The advent of large supercomputers with multiple accelerators per computational node is impacting the development of large scientific applications. The two current largest supercomputers in November 2018 Top500 list, Summit and Sierra, feature six and four V100 NVIDIA GPUs per node respectively providing a theoretical peak performance of 750 and 500 Tops/s (operations in mixed precision) [7] per node. Hence, it is important to exploit the computational power from GPUs on supercomputers. The PIC method is one of the main tools for the simulation of plasmas [1]. The method was initially developed in the late Fifties and early Sixties and then further improved by using more sophisticated numerical schemes, such as semi-implicit and fully-implicit schemes [8], and combining fluid and kinetic equations for plasmas [11].

iPIC3D has been designed for the kinetic simulation of space plasmas on large supercomputers [9]. Its main application is the study of magnetic reconnection in Earth’s magnetotail [14] and dayside magnetopause, kinetic turbulence [13] and interaction of solar wind with Earth’s magnetosphere [15, 16] and comets [17]. It works as stand-alone code and as part of a multi-physics framework, called Space Weather Modeling Framework (SWMF), for the simulation for space weather [3]. During the last decades the code has been improved by using advanced parallelization strategies, optimized I/O that have been developed during European-Commission funded EPiGRAM [10] and SAGE projects [12]. It is written in C++ and uses MPI for internode communication. The code has shown scalability up to 80% parallel efficiency on one million MPI processes [10]. However, iPIC3D does not currently support execution on GPUs which limits its usage on supercomputers with GPUs. Since 2008 several studies focused on PIC code porting to efficiently use GPU systems. The first seminal work on this topic is by Stantchev et al. [18]: it presents a PIC porting to GPUs focusing on the optimization of the interpolation step. Optimization of the data layout in PIC codes are presented in Refs. [5, 6]. However, all these previous works use simple formulation of PIC algorithm, and porting of a semi-implicit PIC method does not exist in the literature. Our work aims to fill this gap and present the porting of a semi-implicit PIC method to GPUs. In particular, we focus on describing the steps for porting the iPIC3D application on multi-GPU systems: Tegner and Kebnekaise [4] featuring NVIDIA K80 and Tesla V100 GPUs.

2 Methodology

The iPIC3D simulation is initialized first by setting particle positions and velocities and assigning electric and magnetic field values on grid points (Initialization). After the initialization, a computational cycle is repeated until the end of simulation. Each computational cycle consists of three basic steps: Fields solver - where the electric and magnetic fields are calculated from the semi-implicit formulation of Maxwell’s equations on a grid by solving a linear system, Particle Mover - where new particle positions and velocities are computed using the electric and magnetic field values on the grid points and interpolating them at the particle positions, and Moments Calculation - where particle moments of the distribution function, such as density, current and pressure are calculated on the grid by interpolation.

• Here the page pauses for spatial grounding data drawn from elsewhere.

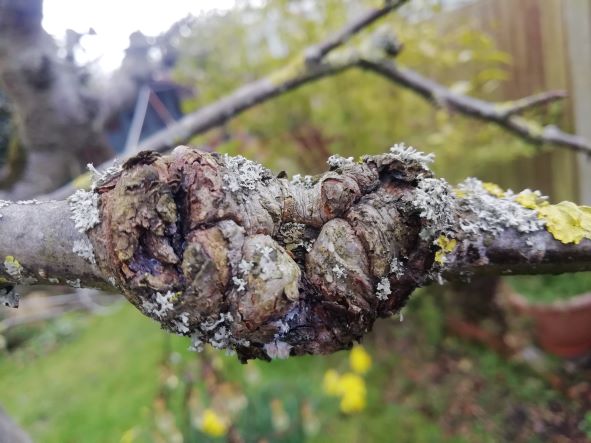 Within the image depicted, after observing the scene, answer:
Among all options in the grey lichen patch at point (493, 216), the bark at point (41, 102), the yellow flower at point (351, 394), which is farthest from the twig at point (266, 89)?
the yellow flower at point (351, 394)

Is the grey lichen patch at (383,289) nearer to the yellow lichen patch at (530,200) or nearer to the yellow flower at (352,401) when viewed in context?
the yellow lichen patch at (530,200)

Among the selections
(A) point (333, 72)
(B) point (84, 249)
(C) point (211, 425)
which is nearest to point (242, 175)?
(B) point (84, 249)

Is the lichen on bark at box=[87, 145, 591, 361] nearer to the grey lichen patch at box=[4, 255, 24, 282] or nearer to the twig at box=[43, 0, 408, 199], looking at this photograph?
the grey lichen patch at box=[4, 255, 24, 282]

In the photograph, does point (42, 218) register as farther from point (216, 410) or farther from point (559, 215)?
point (216, 410)

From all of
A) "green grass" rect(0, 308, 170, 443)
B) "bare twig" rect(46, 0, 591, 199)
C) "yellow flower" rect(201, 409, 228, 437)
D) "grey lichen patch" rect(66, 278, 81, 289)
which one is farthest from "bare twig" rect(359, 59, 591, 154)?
"green grass" rect(0, 308, 170, 443)

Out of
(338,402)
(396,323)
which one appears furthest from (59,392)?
(396,323)

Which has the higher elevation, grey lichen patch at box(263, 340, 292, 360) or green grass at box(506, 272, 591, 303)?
green grass at box(506, 272, 591, 303) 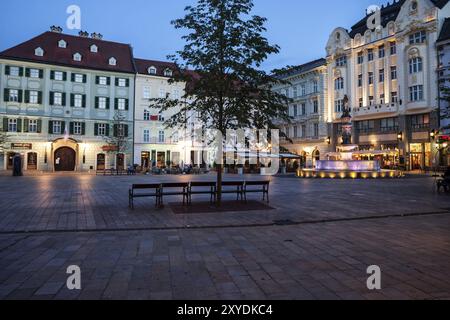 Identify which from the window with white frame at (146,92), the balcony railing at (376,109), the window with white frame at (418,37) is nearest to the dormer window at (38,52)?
the window with white frame at (146,92)

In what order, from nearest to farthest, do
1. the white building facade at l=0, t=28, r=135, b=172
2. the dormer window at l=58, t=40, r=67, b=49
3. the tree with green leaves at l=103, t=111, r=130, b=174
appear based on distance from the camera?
1. the white building facade at l=0, t=28, r=135, b=172
2. the tree with green leaves at l=103, t=111, r=130, b=174
3. the dormer window at l=58, t=40, r=67, b=49

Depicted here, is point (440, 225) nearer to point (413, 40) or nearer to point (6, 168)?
point (413, 40)

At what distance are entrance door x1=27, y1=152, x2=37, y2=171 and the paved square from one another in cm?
3658

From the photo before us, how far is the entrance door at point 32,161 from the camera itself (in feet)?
141

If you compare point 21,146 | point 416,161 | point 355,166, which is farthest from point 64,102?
point 416,161

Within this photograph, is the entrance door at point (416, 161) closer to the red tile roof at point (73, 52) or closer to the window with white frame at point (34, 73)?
the red tile roof at point (73, 52)

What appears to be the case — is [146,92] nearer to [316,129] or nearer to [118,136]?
[118,136]

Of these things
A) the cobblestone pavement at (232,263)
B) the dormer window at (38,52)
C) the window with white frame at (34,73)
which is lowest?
the cobblestone pavement at (232,263)

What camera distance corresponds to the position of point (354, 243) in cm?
681

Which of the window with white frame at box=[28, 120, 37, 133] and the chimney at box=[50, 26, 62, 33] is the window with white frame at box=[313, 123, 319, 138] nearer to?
the window with white frame at box=[28, 120, 37, 133]

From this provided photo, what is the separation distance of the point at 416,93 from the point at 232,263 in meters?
45.4

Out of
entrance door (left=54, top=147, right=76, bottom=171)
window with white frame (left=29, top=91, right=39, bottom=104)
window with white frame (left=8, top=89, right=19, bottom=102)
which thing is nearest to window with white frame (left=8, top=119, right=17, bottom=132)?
window with white frame (left=8, top=89, right=19, bottom=102)

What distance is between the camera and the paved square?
428 centimetres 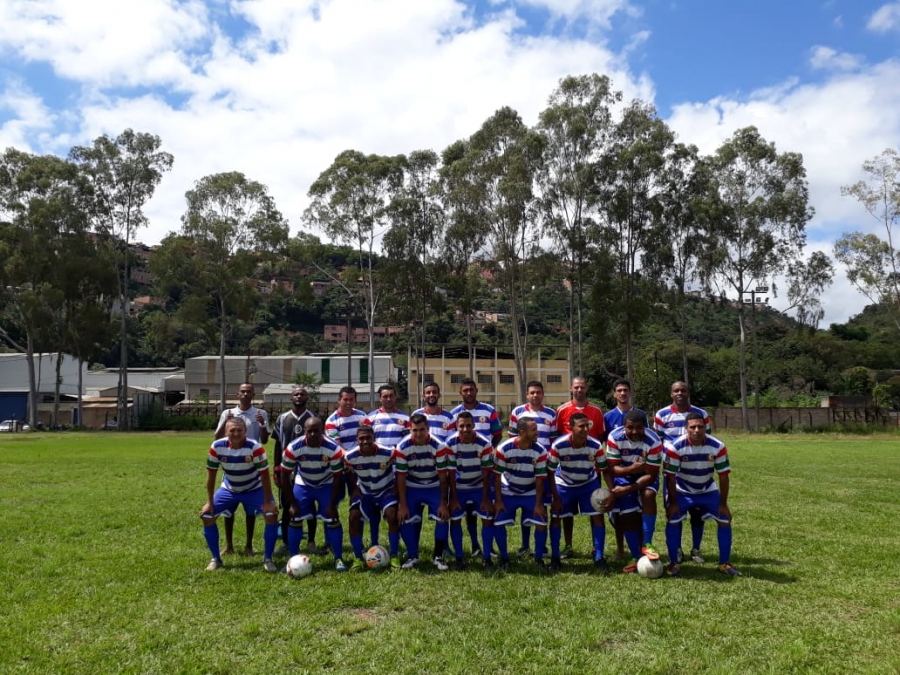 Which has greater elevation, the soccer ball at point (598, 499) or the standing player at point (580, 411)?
the standing player at point (580, 411)

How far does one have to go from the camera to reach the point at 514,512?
795 cm

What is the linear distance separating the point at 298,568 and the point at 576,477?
3.23m

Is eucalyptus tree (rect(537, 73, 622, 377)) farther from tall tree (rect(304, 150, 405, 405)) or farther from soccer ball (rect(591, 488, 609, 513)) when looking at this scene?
soccer ball (rect(591, 488, 609, 513))

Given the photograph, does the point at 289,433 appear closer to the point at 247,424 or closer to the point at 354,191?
the point at 247,424

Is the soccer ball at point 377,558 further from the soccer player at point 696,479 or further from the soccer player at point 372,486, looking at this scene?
the soccer player at point 696,479

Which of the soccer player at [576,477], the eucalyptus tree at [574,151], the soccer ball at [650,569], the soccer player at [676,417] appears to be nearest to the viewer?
the soccer ball at [650,569]

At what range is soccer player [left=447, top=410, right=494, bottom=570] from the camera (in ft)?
25.9

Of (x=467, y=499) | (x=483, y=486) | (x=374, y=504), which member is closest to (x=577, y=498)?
(x=483, y=486)

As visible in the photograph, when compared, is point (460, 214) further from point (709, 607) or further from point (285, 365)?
point (285, 365)

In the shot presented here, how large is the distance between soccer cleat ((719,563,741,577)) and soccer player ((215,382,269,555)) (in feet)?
18.0

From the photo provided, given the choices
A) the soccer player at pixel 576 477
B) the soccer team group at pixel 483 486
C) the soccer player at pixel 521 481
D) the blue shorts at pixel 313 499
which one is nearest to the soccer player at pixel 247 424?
the soccer team group at pixel 483 486

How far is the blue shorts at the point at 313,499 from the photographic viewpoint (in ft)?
26.2

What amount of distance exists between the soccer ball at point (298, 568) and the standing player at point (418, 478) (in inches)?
43.8

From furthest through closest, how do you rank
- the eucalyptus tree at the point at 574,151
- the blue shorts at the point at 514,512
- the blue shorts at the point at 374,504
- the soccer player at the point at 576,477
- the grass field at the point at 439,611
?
the eucalyptus tree at the point at 574,151, the blue shorts at the point at 374,504, the soccer player at the point at 576,477, the blue shorts at the point at 514,512, the grass field at the point at 439,611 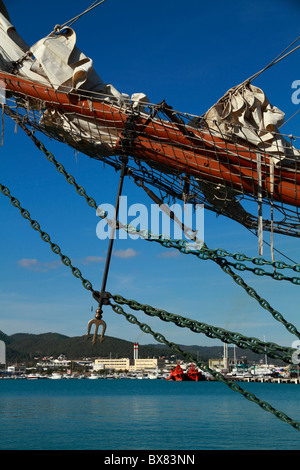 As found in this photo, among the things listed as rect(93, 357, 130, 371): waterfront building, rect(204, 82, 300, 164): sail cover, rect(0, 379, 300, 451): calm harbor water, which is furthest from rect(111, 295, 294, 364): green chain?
rect(93, 357, 130, 371): waterfront building

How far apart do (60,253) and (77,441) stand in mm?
26901

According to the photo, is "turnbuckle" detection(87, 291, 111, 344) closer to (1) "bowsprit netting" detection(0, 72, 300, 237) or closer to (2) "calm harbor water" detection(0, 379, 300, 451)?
(1) "bowsprit netting" detection(0, 72, 300, 237)

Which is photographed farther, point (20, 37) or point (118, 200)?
point (20, 37)

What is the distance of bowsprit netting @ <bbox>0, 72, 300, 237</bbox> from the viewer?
5449mm

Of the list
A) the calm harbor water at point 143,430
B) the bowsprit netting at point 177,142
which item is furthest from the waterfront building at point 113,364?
the bowsprit netting at point 177,142

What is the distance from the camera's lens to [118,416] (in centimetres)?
4247

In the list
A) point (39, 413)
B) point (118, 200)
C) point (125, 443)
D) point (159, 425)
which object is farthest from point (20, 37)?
point (39, 413)

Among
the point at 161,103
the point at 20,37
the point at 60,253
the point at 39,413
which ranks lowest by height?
the point at 39,413

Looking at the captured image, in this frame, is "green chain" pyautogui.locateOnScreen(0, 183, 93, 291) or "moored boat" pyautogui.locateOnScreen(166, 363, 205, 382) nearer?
"green chain" pyautogui.locateOnScreen(0, 183, 93, 291)

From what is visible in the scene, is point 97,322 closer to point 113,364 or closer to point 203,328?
point 203,328

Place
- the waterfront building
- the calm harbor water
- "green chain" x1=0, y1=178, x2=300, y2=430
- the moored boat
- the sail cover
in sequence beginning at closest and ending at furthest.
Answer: "green chain" x1=0, y1=178, x2=300, y2=430 → the sail cover → the calm harbor water → the moored boat → the waterfront building

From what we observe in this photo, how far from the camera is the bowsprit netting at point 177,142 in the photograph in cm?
545

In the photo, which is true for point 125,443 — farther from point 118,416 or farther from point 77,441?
point 118,416

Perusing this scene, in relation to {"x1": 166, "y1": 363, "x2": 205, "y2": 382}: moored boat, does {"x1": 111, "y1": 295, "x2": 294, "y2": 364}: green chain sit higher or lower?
higher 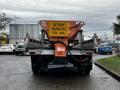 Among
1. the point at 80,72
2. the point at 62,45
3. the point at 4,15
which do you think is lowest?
the point at 80,72

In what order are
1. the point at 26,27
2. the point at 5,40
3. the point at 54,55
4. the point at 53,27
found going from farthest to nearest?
the point at 5,40, the point at 26,27, the point at 53,27, the point at 54,55

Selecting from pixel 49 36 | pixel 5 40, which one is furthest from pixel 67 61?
pixel 5 40

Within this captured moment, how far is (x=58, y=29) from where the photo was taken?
60.4 feet

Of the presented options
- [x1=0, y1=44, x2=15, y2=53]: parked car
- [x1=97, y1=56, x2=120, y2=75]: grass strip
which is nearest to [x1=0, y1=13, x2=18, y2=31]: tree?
[x1=0, y1=44, x2=15, y2=53]: parked car

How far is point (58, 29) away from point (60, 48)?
129 centimetres

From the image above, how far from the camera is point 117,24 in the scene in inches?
1366

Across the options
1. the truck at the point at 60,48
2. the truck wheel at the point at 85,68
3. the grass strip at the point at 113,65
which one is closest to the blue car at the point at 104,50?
the grass strip at the point at 113,65

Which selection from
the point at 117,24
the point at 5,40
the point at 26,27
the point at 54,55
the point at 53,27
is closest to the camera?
the point at 54,55

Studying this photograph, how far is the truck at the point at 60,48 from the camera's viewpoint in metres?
17.3

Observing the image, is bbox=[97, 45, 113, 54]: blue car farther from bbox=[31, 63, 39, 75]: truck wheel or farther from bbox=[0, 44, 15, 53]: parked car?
bbox=[31, 63, 39, 75]: truck wheel

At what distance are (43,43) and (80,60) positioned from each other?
2352 mm

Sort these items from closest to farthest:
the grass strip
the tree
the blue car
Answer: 1. the grass strip
2. the blue car
3. the tree

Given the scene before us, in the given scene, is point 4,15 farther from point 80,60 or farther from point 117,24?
point 80,60

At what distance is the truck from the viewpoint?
1729 cm
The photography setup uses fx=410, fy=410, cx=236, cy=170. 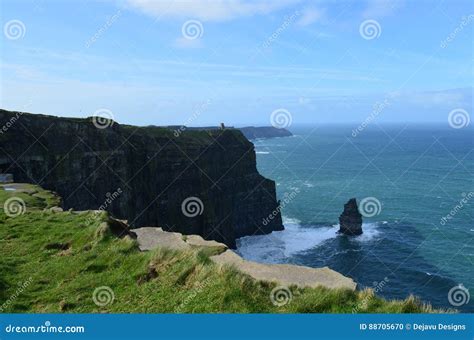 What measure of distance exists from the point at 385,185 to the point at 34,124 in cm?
10685

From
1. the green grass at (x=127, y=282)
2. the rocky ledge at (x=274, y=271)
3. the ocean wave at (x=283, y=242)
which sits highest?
the rocky ledge at (x=274, y=271)

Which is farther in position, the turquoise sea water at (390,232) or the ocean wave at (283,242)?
the ocean wave at (283,242)

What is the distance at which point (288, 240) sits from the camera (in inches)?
3268

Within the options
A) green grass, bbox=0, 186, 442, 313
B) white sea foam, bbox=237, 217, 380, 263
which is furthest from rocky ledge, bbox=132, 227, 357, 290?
white sea foam, bbox=237, 217, 380, 263

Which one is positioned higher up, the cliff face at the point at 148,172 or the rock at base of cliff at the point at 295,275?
the cliff face at the point at 148,172

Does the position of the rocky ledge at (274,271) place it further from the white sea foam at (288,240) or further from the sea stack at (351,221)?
the sea stack at (351,221)

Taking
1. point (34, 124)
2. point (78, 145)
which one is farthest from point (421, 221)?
point (34, 124)

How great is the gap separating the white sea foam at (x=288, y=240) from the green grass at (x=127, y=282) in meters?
58.9

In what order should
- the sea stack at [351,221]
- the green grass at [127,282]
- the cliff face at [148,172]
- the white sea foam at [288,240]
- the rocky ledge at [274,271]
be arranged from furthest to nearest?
the sea stack at [351,221] < the white sea foam at [288,240] < the cliff face at [148,172] < the rocky ledge at [274,271] < the green grass at [127,282]

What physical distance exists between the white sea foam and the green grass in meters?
58.9

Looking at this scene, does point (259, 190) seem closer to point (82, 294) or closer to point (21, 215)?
point (21, 215)

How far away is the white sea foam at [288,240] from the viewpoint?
75.8 m

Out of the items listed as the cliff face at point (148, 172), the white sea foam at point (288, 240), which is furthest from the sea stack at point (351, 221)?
the cliff face at point (148, 172)

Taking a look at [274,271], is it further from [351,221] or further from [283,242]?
[351,221] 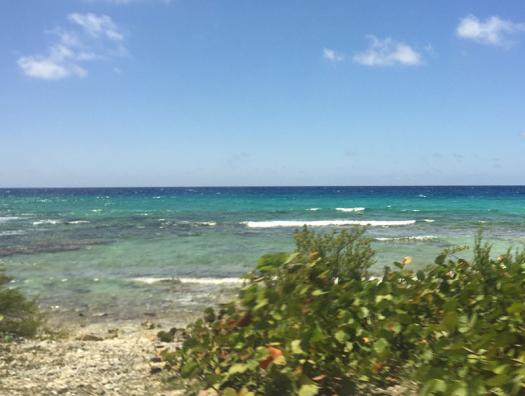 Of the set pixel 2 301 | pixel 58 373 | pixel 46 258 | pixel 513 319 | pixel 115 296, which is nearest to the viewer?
pixel 513 319

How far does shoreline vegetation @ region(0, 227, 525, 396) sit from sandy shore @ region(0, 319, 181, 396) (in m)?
0.02

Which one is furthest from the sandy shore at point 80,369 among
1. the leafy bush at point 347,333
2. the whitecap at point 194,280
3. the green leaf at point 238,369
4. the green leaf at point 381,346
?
the whitecap at point 194,280

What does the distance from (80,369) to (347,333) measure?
2.33 meters

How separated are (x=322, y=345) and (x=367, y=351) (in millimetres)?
293

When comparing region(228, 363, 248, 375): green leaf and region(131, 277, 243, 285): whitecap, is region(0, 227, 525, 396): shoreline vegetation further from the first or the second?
region(131, 277, 243, 285): whitecap

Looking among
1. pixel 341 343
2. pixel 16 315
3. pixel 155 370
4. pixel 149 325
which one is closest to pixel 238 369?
pixel 341 343

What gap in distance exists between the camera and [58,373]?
3.79 meters

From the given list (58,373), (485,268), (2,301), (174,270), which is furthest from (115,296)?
(485,268)

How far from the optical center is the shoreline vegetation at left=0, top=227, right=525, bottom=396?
93.1 inches

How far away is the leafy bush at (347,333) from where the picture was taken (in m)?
2.50

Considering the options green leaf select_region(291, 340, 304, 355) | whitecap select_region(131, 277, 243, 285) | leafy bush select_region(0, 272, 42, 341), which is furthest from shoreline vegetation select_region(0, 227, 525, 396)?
whitecap select_region(131, 277, 243, 285)

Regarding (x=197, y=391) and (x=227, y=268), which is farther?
(x=227, y=268)

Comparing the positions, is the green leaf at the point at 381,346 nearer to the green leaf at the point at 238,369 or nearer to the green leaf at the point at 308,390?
the green leaf at the point at 308,390

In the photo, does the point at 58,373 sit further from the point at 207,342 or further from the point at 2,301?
the point at 2,301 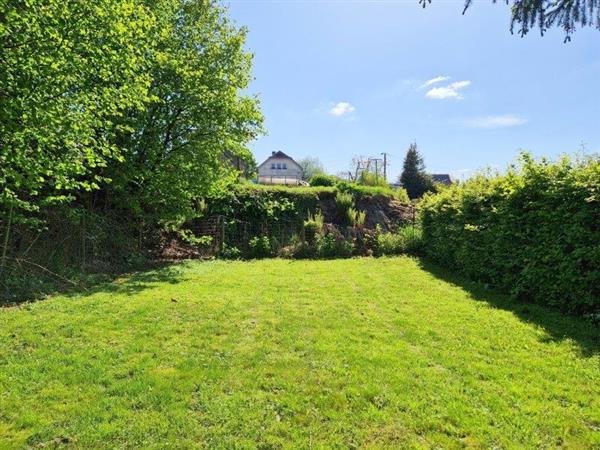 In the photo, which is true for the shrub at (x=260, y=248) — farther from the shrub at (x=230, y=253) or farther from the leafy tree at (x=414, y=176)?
the leafy tree at (x=414, y=176)

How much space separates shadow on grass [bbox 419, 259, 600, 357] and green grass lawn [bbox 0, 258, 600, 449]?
0.13 feet

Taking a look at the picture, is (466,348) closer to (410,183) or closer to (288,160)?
(410,183)

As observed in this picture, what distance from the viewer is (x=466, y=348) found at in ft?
14.8

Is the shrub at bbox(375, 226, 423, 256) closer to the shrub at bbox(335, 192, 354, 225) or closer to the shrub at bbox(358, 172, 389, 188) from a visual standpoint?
the shrub at bbox(335, 192, 354, 225)

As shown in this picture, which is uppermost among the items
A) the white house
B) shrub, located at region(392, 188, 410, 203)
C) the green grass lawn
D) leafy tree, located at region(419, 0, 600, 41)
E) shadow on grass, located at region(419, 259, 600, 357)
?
the white house

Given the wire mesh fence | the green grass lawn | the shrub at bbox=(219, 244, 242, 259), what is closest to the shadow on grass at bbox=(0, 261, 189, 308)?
the green grass lawn

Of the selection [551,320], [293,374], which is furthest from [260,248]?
[293,374]

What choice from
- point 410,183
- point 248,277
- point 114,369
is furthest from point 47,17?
point 410,183

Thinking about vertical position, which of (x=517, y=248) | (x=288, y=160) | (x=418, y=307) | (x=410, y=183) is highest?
(x=288, y=160)

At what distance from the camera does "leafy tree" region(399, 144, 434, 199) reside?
31.7 metres

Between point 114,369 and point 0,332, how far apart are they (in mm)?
2035

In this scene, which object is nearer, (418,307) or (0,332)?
(0,332)

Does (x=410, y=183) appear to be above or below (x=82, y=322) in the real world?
above

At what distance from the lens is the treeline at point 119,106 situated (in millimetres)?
5352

We performed a dedicated profiling of the problem that is considered in this work, the so-called GEM (Geospace Environmental Modelling) challenge [2] as shown in Table 1. Particle mover is clearly the most expensive operation and so we focus on the porting and optimization of the iPIC3D particle mover while calculation of fields and moments still remain on CPU. Detailed descriptions about the particle mover can be found in [8, 11, 17]. We present the performance of the multi-GPU iPIC3D by reporting the harmonic mean of our main figure of merit - Millions of Particles Advanced per second (MPA/s) obtained by dividing the total number of particles in the simulation by the average time spent in the particle mover per computational cycle. The standard deviation is plotted as an error bar and shows minimum variability between different simulation runs.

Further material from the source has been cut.